§ **Task description**: Below are the entries. Transcribe exactly the lines from the one with "Ercole Barovier Toso" through the one with "Moments after getting", ends included, and leave out all others.
(Data supplied)
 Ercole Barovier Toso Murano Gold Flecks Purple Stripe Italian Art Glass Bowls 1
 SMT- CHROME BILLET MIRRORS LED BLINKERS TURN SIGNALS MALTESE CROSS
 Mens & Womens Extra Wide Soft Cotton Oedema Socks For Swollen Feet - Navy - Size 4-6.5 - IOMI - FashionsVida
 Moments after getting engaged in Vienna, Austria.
(End Data supplied)
(Data supplied)
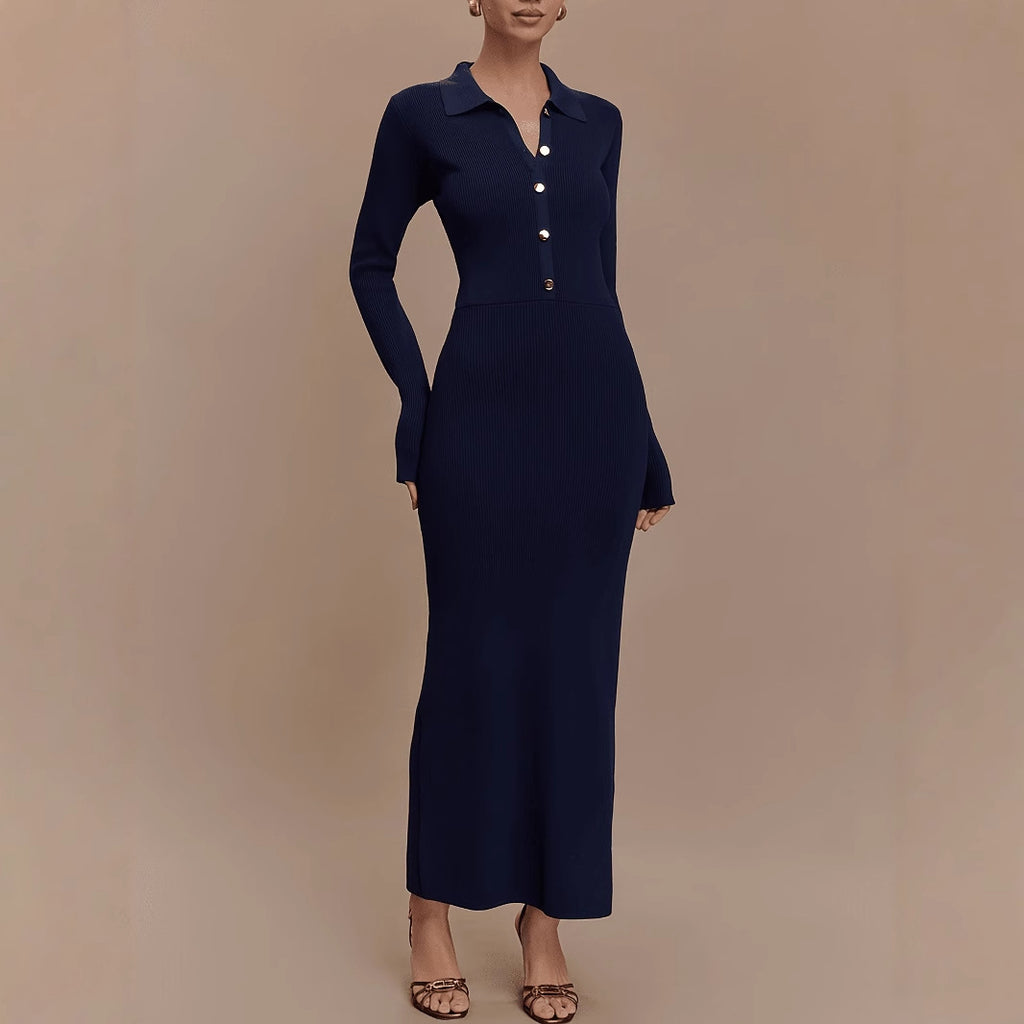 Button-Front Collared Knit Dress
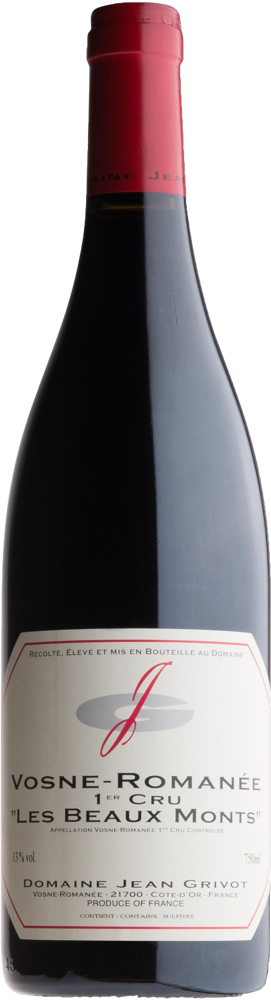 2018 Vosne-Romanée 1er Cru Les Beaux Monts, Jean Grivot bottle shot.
(End Data supplied)
§ **Response to the task**:
 Ercole Barovier Toso Murano Gold Flecks Purple Stripe Italian Art Glass Bowls 1
 SMT- CHROME BILLET MIRRORS LED BLINKERS TURN SIGNALS MALTESE CROSS
 Mens & Womens Extra Wide Soft Cotton Oedema Socks For Swollen Feet - Navy - Size 4-6.5 - IOMI - FashionsVida
 Moments after getting engaged in Vienna, Austria.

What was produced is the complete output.